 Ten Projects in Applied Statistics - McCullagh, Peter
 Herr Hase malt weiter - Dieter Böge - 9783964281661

* * *

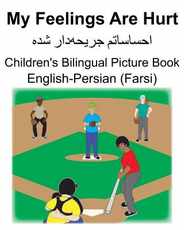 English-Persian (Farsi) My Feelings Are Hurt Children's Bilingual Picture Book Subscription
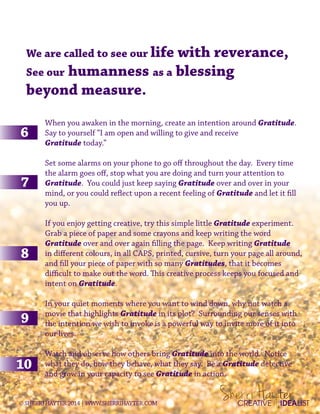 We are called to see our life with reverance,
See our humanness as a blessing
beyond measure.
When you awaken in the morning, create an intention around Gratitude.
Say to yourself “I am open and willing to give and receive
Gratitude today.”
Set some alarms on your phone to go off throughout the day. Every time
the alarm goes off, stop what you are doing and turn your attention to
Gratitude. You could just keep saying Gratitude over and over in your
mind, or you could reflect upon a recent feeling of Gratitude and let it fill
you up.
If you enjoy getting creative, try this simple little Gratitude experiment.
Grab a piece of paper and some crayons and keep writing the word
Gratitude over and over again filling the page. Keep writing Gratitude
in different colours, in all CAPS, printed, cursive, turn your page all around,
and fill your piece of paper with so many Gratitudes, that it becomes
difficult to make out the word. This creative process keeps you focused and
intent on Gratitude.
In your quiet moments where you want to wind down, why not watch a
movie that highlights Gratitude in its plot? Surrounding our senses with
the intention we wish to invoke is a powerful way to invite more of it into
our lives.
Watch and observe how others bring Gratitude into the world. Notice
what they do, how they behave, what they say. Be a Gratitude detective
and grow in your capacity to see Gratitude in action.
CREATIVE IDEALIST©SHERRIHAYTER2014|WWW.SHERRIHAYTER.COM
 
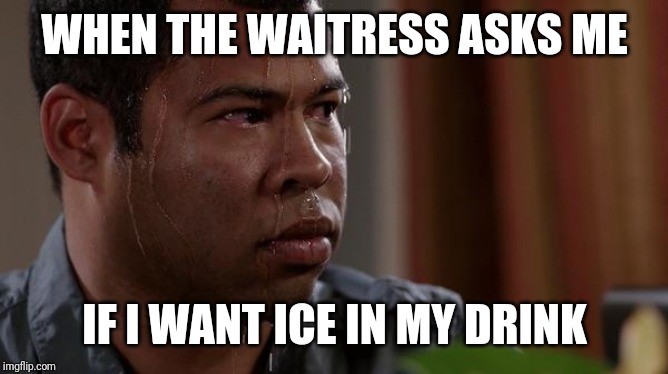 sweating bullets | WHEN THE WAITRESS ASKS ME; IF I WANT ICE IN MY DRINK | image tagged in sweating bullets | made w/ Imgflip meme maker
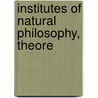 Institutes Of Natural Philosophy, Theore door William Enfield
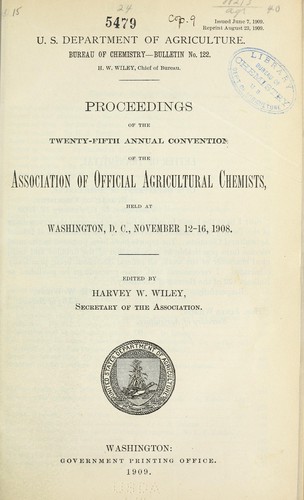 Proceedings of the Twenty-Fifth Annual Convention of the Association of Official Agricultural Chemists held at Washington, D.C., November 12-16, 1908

▸ Goal of the exercise
Show the lines of the entries that include the string "could", copying each in full.

▸ Output for this task
Gratitude. You could just keep saying Gratitude over and over in your
mind, or you could reflect upon a recent feeling of Gratitude and let it fill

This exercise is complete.